18.Section 19 of the [Oaths and Statutory Declarations Act](/akn/ke/act/1926/29) is concerned with the reception and admissibility of evidence of a child of tender years. The section starts by declaring that where the child does not, in the opinion of the court understand the nature of an oath, his evidence may nonetheless be received though not given upon oath, but that evidence shall only be received if, again in the opinion of the court the child is possessed of sufficient intelligence to justify the reception of the evidence and also if, the child understands the duty of speaking the truth.
19.The question of who is a child of tender years for purposes of evidence was settled by the Court of Appeal. In the case of Maripett Loonkomok v Republic [2016] eKLR, the Court of Appeal held as follows:“The question therefore is, who is a child of tender years? The [Sexual Offences Act](/akn/ke/act/2006/3) and the [Oaths and Statutory Declarations Act](/akn/ke/act/1926/29) are silent on this question. However way back in 1959 in the celebrated case of Kibageny Arap Kolil v R (1959) EA 82 the Court of Appeal for Eastern Africa held that the phrase “a child of tender years” meant a child under the age of 14 years. The only statutory definition of a “child of tender years” is section 2 of the [Children Act](/akn/ke/act/2001/8) where it is defined to mean a child under the age of 10 years.
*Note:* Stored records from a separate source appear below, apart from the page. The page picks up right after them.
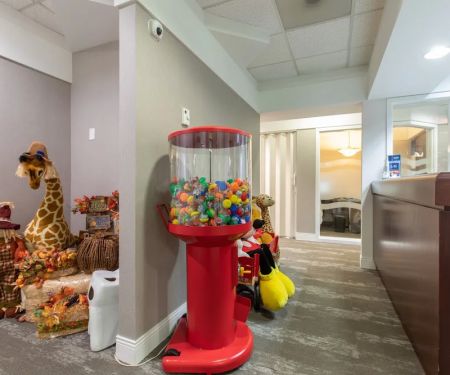 Mountain View Pediatric Dentistry, Sarita Wang DMD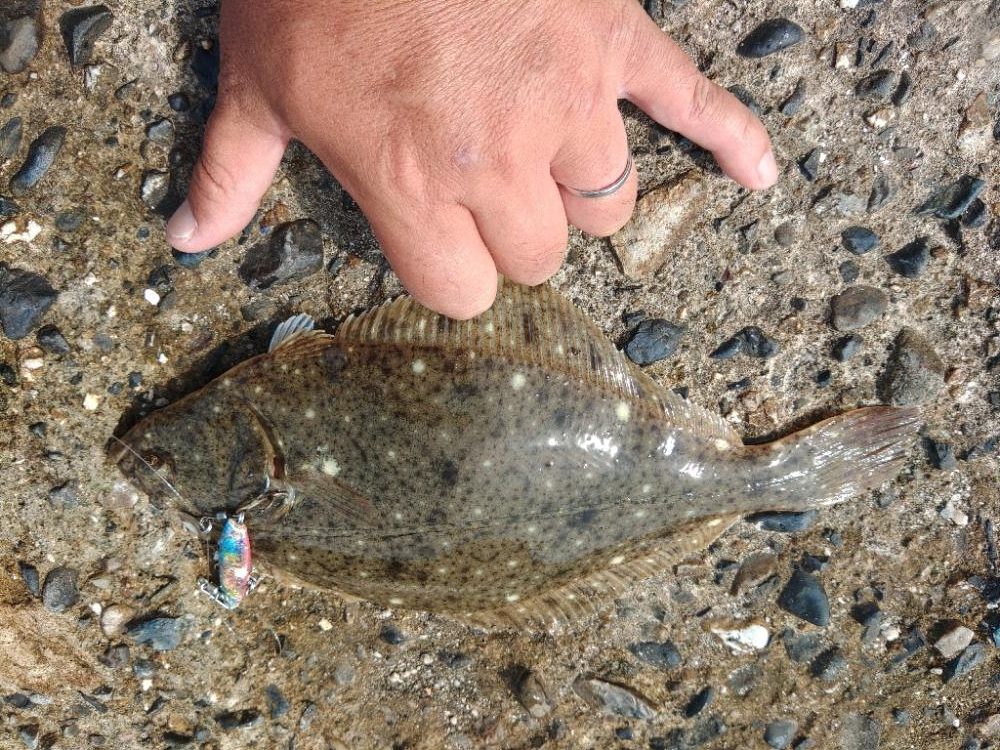 久しぶり数釣りできました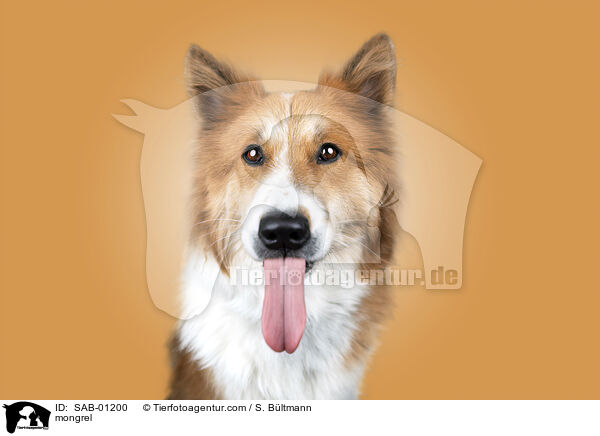 mongrel / SAB-01200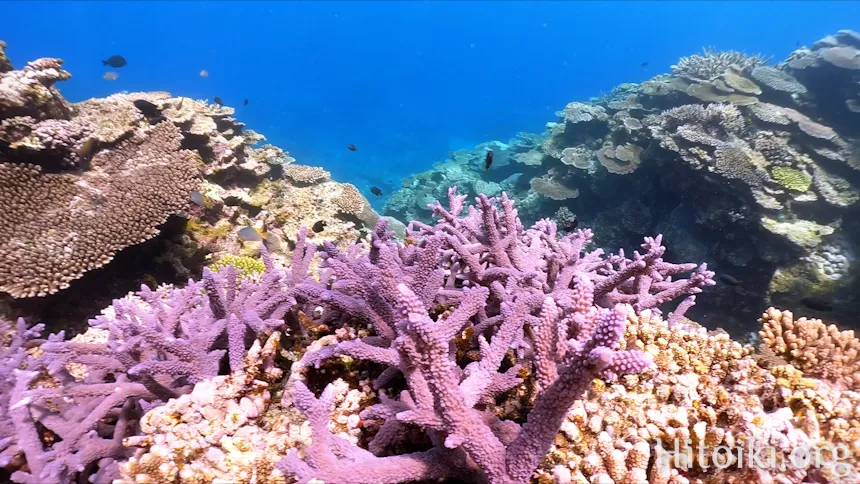 崎山ウサバマビーチのサンゴ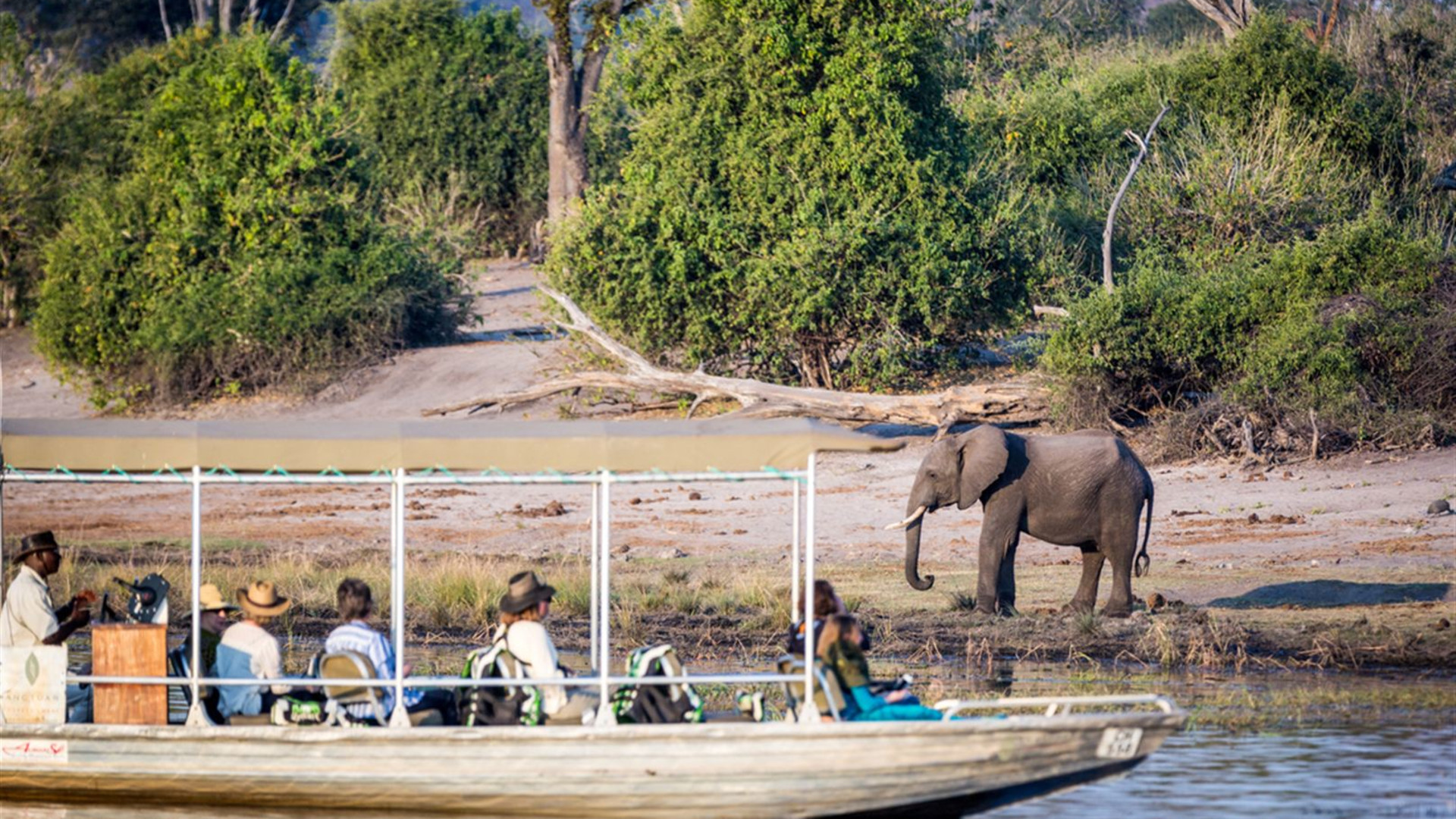 Botswana Family Safari with Teenagers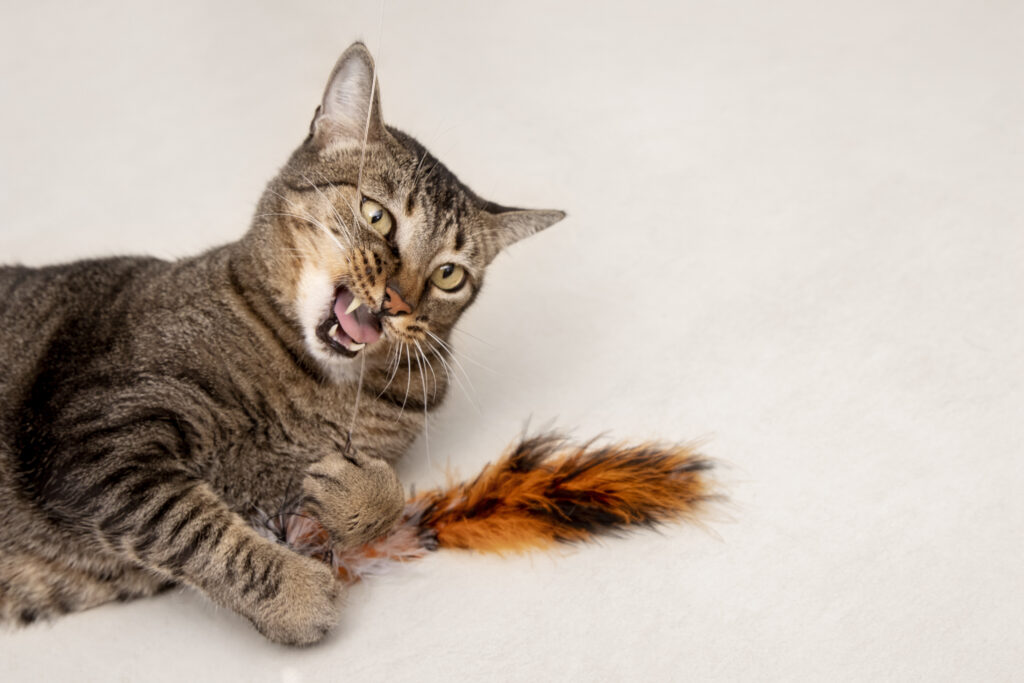 brincadeiras-para-exercitar-gatos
This Court has recently in Patrick Kathurima v R,Criminal Appeal No.137 of 2014 and in Samuel Warui Karimi v R Criminal Appeal No.16 of 2014 stated categorically that the definition in the [Children Act](/akn/ke/act/2001/8) is not of general application; that it was only intended for the protection of children from criminal responsibility and not as a test of competency to testify. It follows therefore that the time-honoured 14 years remains the correct threshold for voir dire examination."
20.The complainant herein gave unsworn testimony. The record indicates that no voire dire examination was conducted. The trial court (as it then was) made the opinion that the complainant was too young to understand an oath, without subjecting her to any examination. No examination was done for the court to satisfy itself that the child was possessed of sufficient intelligence to justify the reception of the evidence and also, if the child understood the duty of speaking the truth. In the authority of Fransisio Matovu v Republic [1961] E.A 260, it was held, inter alia that:“(I) the trial magistrate should question the child to ascertain whether the child understands the oath and;(2)If the court does not allow it and not to be sworn, it should record whether or not in the opinion of the court the child is possessed of sufficient intelligence to justify the reception of evidence and understands the duty of speaking the truth.”
21.However, in the authority of Maripett Loonkomok (supra), the Court of Appeal held that mere failure to conduct a voire dire examination does not vitiate the trial. Since the minor gave unsworn testimony, her evidence falls under the ambit of section 124 of the [Evidence Act](/akn/ke/act/1963/46). The proviso to section 124 of the [Evidence Act](/akn/ke/act/1963/46) makes an exception for the requirement of corroboration of unsworn testimony of a child of tender years in criminal proceedings involving sexual offences where the only evidence is that of the alleged victim. The provision empowers the court to convict an accused person if, for reasons to be recorded, the court is satisfied that the alleged victim is telling the truth. In my considered view, one of the main reasons as to why a court would be satisfied that the alleged victim is telling the truth is the presence of sufficient and corroborative evidence. Whether the testimony of the alleged victim of tender years is given on oath or not, the court must of necessity exercise great caution before convicting an accused person. The question as to whether there is corroborative evidence becomes paramount. I say so because, in criminal proceedings, it is the duty of the prosecution to prove its case against the accused person beyond reasonable doubt. I will seek to be satisfied that indeed, the complainant told the truth.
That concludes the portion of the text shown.